India stimulus leading to deficit at 8-year high

Bloomberg

India’s combined fiscal gap, including deficits of states, is seen widening to the highest in about eight years as the government boosts measures to stimulate a slowing economy.
The general government deficit is seen at 7.5 percent of gross domestic product in the year to March, according to Fitch Ratings.
The combined deficit was around 8 percent in the financial year ended March 2012, according to government data.
Fitch’s reading is well above the ‘BBB’ category median of 1.9 percent, with ‘BBB’ — the rating assigned to India — denoting a low default risk.
Prime Minister Narendra Modi government’s decision to cut taxes on companies is a departure from its conservative budget in July, when it targeted narrowing the federal government’s fiscal gap to 3.3 percent of GDP from 3.4 percent.

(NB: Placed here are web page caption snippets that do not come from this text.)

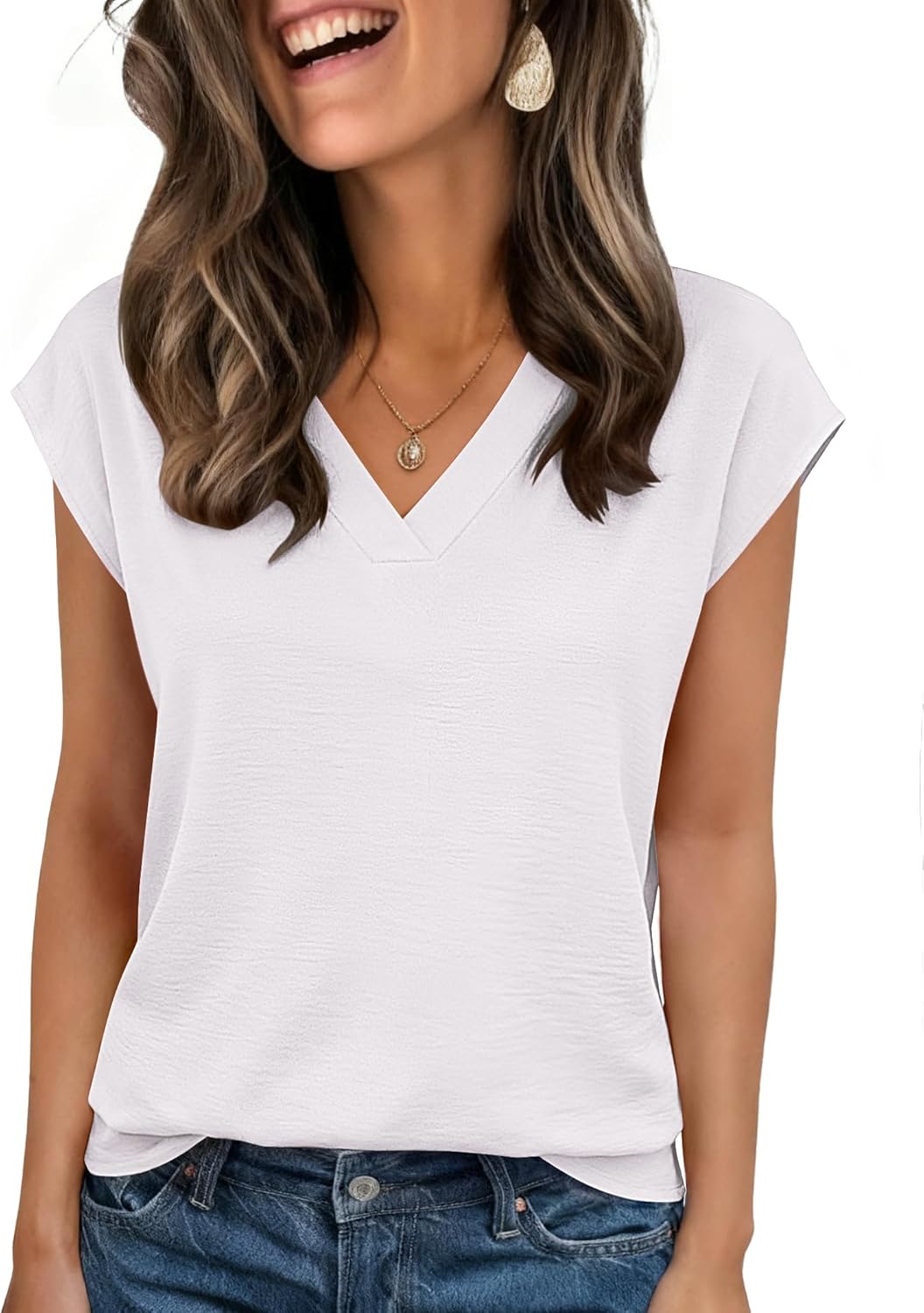 Zeagoo Womens Tops Cap Short Sleeve Textured Blouse V Neck Summer Spring Shirts Business Casual Outfits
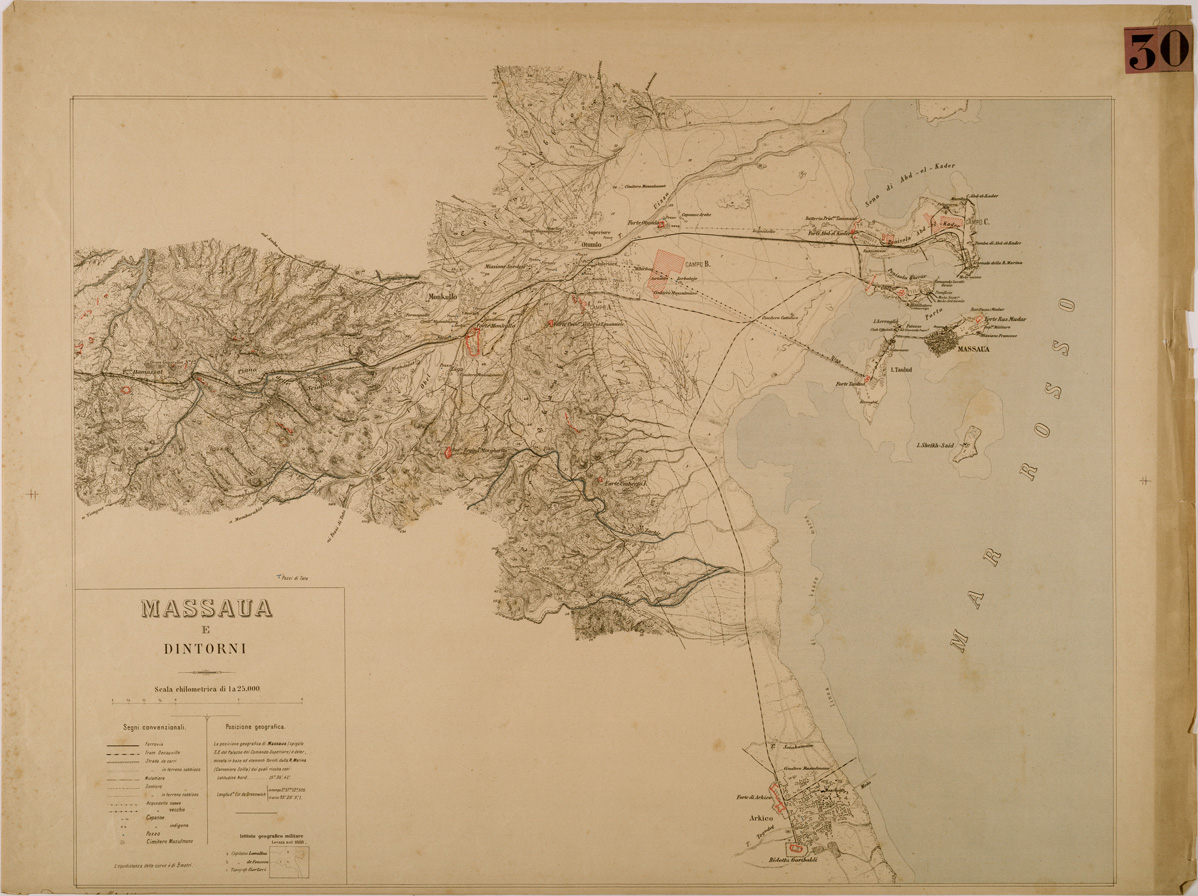 (N:29849) MASSAUA E DINTORNI (SE003712) Carte e stampe antiche: riproduzione a colori su carta (formato A1)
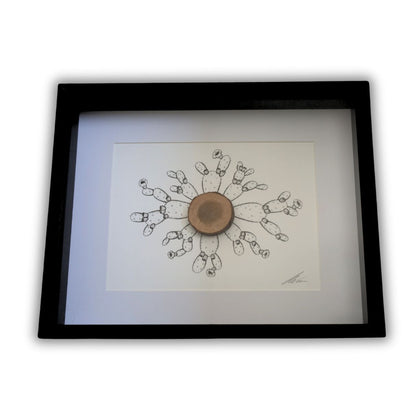 Blooming Prickly Pear & Bark Burst "Dont Be A Prick" (Chunky A4 Black Shadow Box Frame)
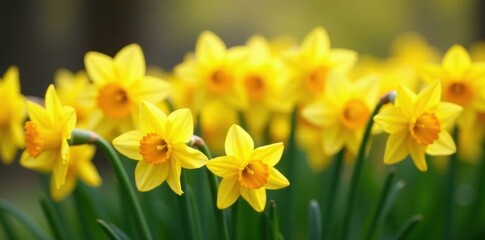 Obraz premium Dense cluster of daffodils, green stems visible, yellow, green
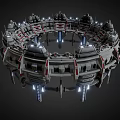Cartoon Scene Of Futuristic Circular Structure With Multiple Towers Illuminated Lights And Mechanical Details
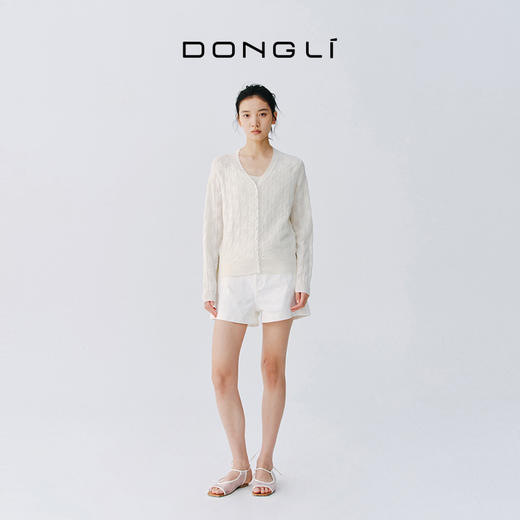 东黎 • 万物复苏 珍珠吊兰 山羊绒女士挑孔时尚开衫 6042 商品图2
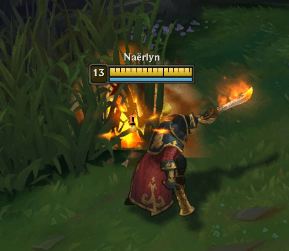 Gangplank exploding a barrel in the bushes on the Rift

The flip flop triggered the biggest rout in local bonds in eight months amid the specter of missing deficit targets.
The federal government will miss its budget gap goal by about 0.4 percentage points, Fitch said in the report. India’s $20 billion worth of corporate tax cuts support efforts to stimulate investment and growth in the medium term, but will cause the fiscal deficit to widen in the near term, it said.
Fitch’s estimate of 3.7 percent federal deficit means the gap for states would be much higher than the 2.4 percent estimated by the Reserve Bank of India.